I think there are some cases where it still should work but you might
have to be a little careful - e.g. tablefoo notionally results in
three parse errors according to the spec (one for each character token
which gets foster-parented), so table☹ results in one if you work
with Unicode characters but three if you treat each UTF-8 byte as a
separate character token.

But in practice, tokenisers emit sequence-of-many-characters tokens
instead of single-character tokens, so they only emit one parse error
for tablefoo, and the html5lib test cases assume that behaviour,
and it should work identically if you have sequence-of-many-bytes
tokens instead.

(Apparently only the distinction between 0 and more-than-0 parse
errors is important as far as the spec is concerned, since that has an
effect on whether the document is conforming; but it seems useful for
implementors to share test cases that are precise about exactly where
all the parse errors are emitted, since that helps find bugs, and so
the parse error count is relevant.)

-- 
Philip Taylor
exc...@gmail.com


Re: [whatwg] Byte-wise tokenization algorithm

2008-12-21 Thread Geoffrey Sneddon


On 21 Dec 2008, at 16:35, Edward Z. Yang wrote:


I suppose the big pivot point is as if. A byte-wise implementation
would replace character globally with byte, and any U+ designation
with the UTF-8 encoded byte version. HTML 5 dictates end behavior, not
the actual algorithm implementation, no?


It states that what is done must be wholly equivalent to the given  
algorithm.



But an HTML5 implementation,
according to the spec, must at a minimum support the UTF-8 and
Windows-1252 encodings, so the overall implementation might not  
depending

on exactly how this is done.


The plan is to convert Windows-1252 into UTF-8 before processing;  
with a

reasonably good iconv implementation, support for lots of encodings is
possible. The implementation might not be fully conforming if iconv
doesn't perform the proper (possibly context-sensitive; I haven't
checked) substitution when it doesn't recognize a character, but it
should be close.


I've never seen any way of getting iconv (at least via PHP) to do what  
HTML 5 requires (i.e., replacing invalid bytes with U+FFFD). It is,  
however, possible using mbstring (which also has the advantage of not  
being system dependant), as well as with PHP6's Unicode support.



--
Geoffrey Sneddon
http://gsnedders.com/



Re: [whatwg] Byte-wise tokenization algorithm

2008-12-21 Thread Ian Hickson
On Sun, 21 Dec 2008, Edward Z. Yang wrote:
 
 I suppose the big pivot point is as if. A byte-wise implementation 
 would replace character globally with byte, and any U+ designation 
 with the UTF-8 encoded byte version. HTML 5 dictates end behavior, not 
 the actual algorithm implementation, no?

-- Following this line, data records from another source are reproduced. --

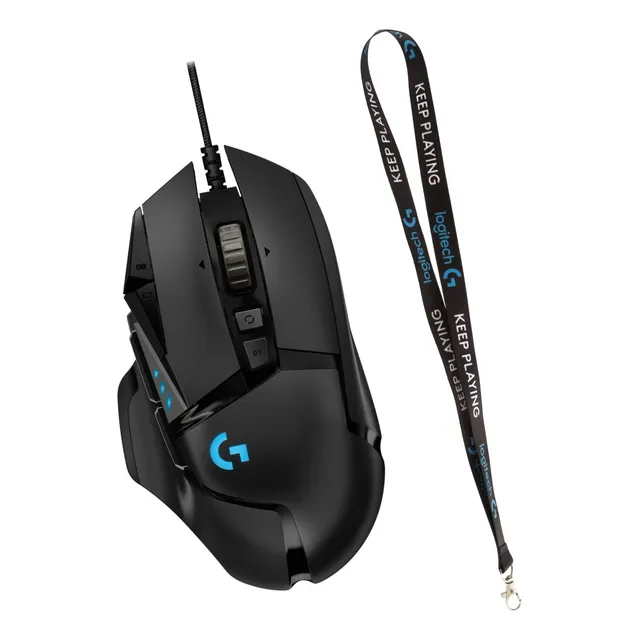 Logitech G Mouse Con Cable G502 Hero Negro + Lanyard
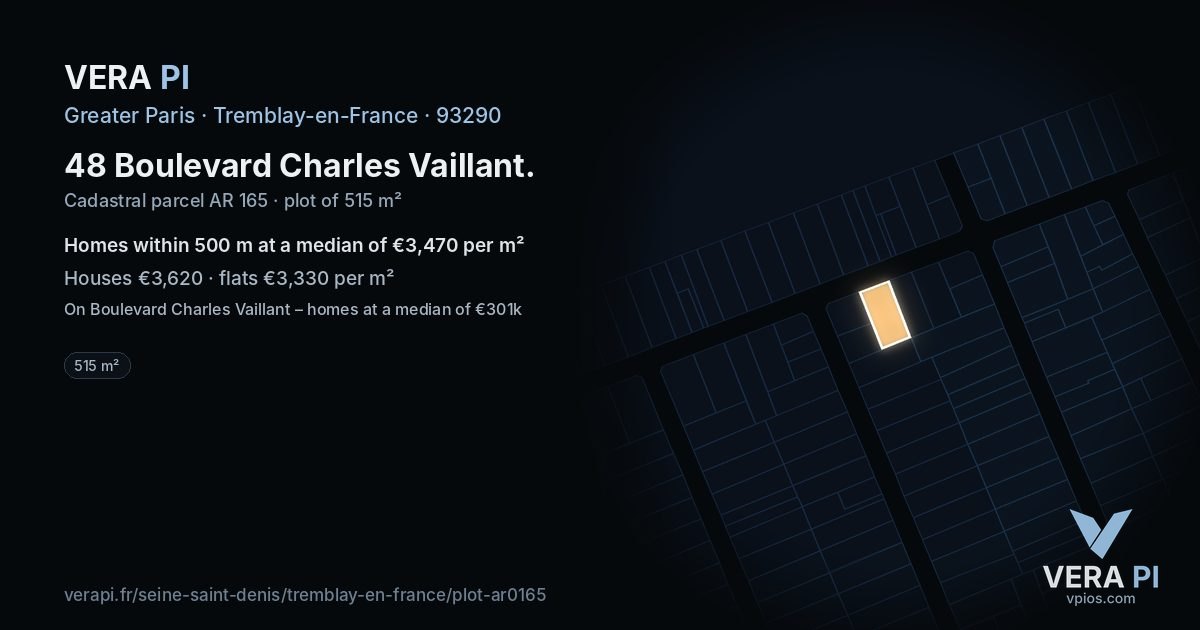 48 Boulevard Charles Vaillant, Tremblay-en-France at night – the plot lit, the parcels around coloured by the prices near them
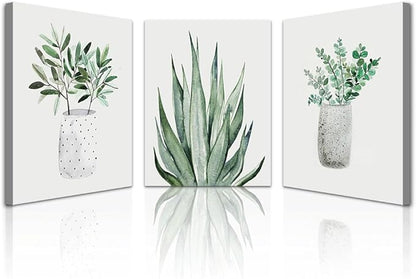 Lapremoly 3 Piece Green Plants Ink Wall Paintings Canvas Wall Art For Bedroom Wall Decor For Living Room Kitchen Dining Room Decoration Leaf Abstract Pictures Office Decor Room Home Walls Artwork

Right; conformance requirements phrased as algorithms or specific steps 
may be implemented in any manner, so long as the end result is equivalent.

-- 
Ian Hickson   U+1047E)\._.,--,'``.fL
http://ln.hixie.ch/   U+263A/,   _.. \   _\  ;`._ ,.
Things that are impossible just take longer.   `._.-(,_..'--(,_..'`-.;.'


[whatwg] Byte-wise tokenization algorithm

2008-12-20 Thread Edward Z. Yang
I am currently working on a PHP5 implementation of the HTML5
specification. PHP has abysmal Unicode support, and implementing Unicode
streams in userspace may be unacceptablu slow. Thus, my questions:

1. Given an input stream that is known to be valid UTF-8, is it possible
to implement the tokenization algorithm with byte-wise operations only?
I think it's possible, since all of the character matching parts of the
algorithm map to characters in ASCII space.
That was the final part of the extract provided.